Task to carry out
Transcribe the listing verbatim, please, with images dropped.

Raw data
┌────────

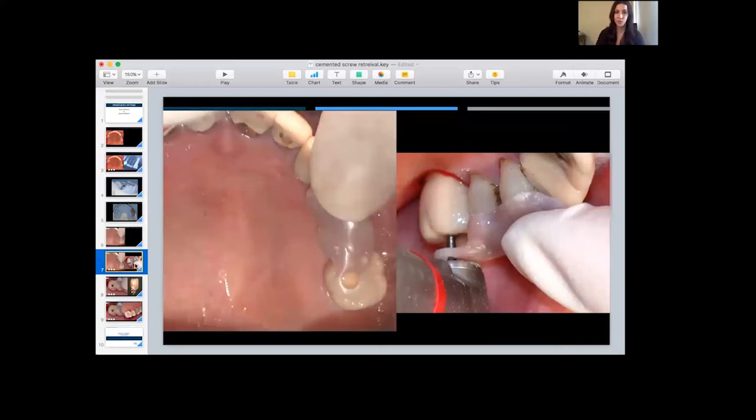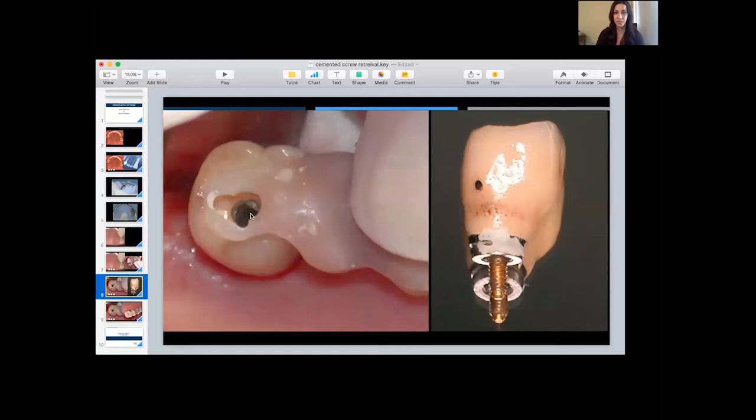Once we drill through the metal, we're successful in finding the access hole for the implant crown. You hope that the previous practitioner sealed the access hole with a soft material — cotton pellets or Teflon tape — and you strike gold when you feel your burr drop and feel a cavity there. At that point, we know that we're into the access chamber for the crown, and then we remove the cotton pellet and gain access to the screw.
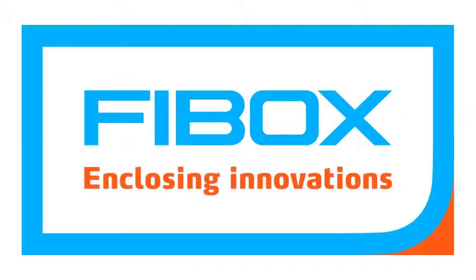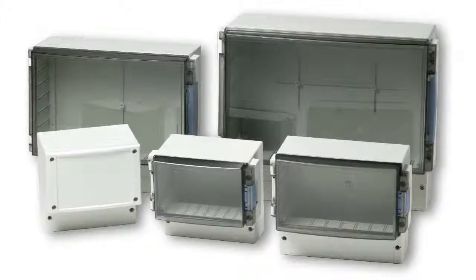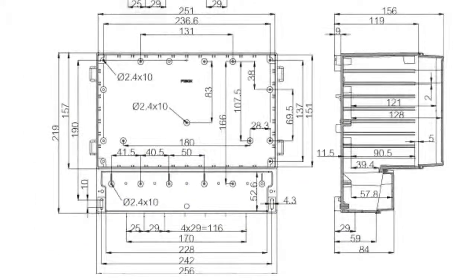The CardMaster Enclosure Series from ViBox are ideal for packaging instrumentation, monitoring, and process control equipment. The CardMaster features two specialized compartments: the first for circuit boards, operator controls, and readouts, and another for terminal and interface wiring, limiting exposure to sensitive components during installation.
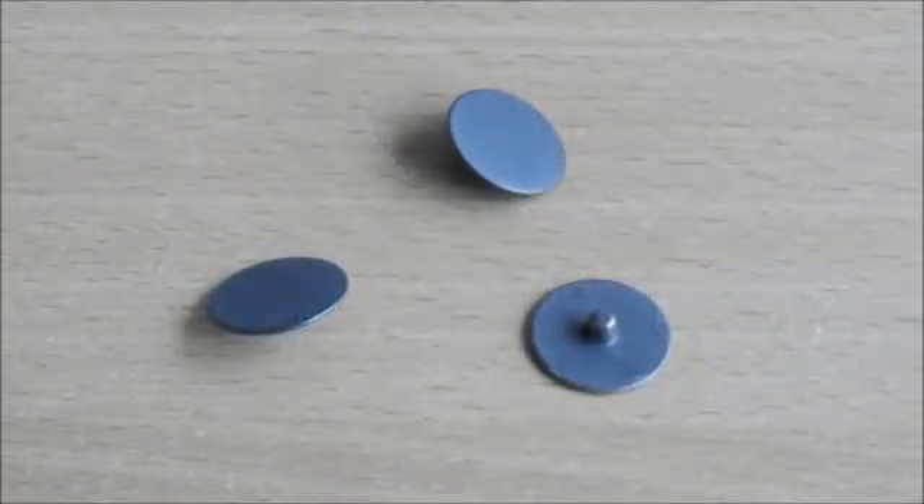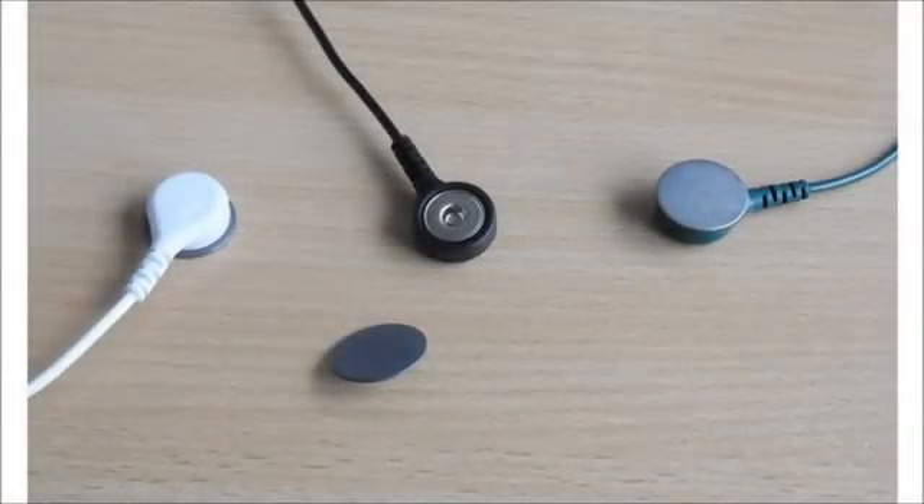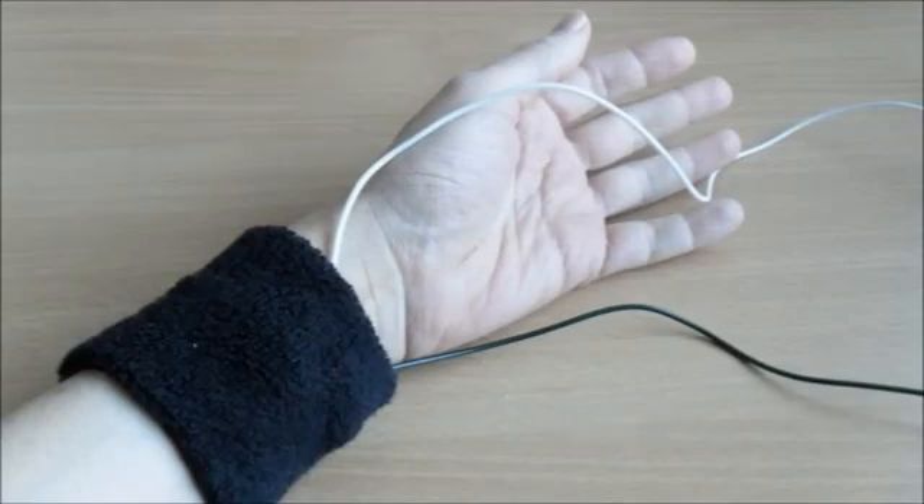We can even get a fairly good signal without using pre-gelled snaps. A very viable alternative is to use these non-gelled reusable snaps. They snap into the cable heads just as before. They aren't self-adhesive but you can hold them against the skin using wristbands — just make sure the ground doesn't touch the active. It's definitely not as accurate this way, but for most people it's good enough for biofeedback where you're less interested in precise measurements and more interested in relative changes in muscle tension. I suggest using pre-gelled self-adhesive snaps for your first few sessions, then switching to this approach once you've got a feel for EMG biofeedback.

└────────

Exercise result
Once we drill through the metal, we're successful in finding the access hole for the implant crown. You hope that the previous practitioner sealed the access hole with a soft material — cotton pellets or Teflon tape — and you strike gold when you feel your burr drop and feel a cavity there. At that point, we know that we're into the access chamber for the crown, and then we remove the cotton pellet and gain access to the screw.
The CardMaster Enclosure Series from ViBox are ideal for packaging instrumentation, monitoring, and process control equipment. The CardMaster features two specialized compartments: the first for circuit boards, operator controls, and readouts, and another for terminal and interface wiring, limiting exposure to sensitive components during installation.
We can even get a fairly good signal without using pre-gelled snaps. A very viable alternative is to use these non-gelled reusable snaps. They snap into the cable heads just as before. They aren't self-adhesive but you can hold them against the skin using wristbands — just make sure the ground doesn't touch the active. It's definitely not as accurate this way, but for most people it's good enough for biofeedback where you're less interested in precise measurements and more interested in relative changes in muscle tension. I suggest using pre-gelled self-adhesive snaps for your first few sessions, then switching to this approach once you've got a feel for EMG biofeedback.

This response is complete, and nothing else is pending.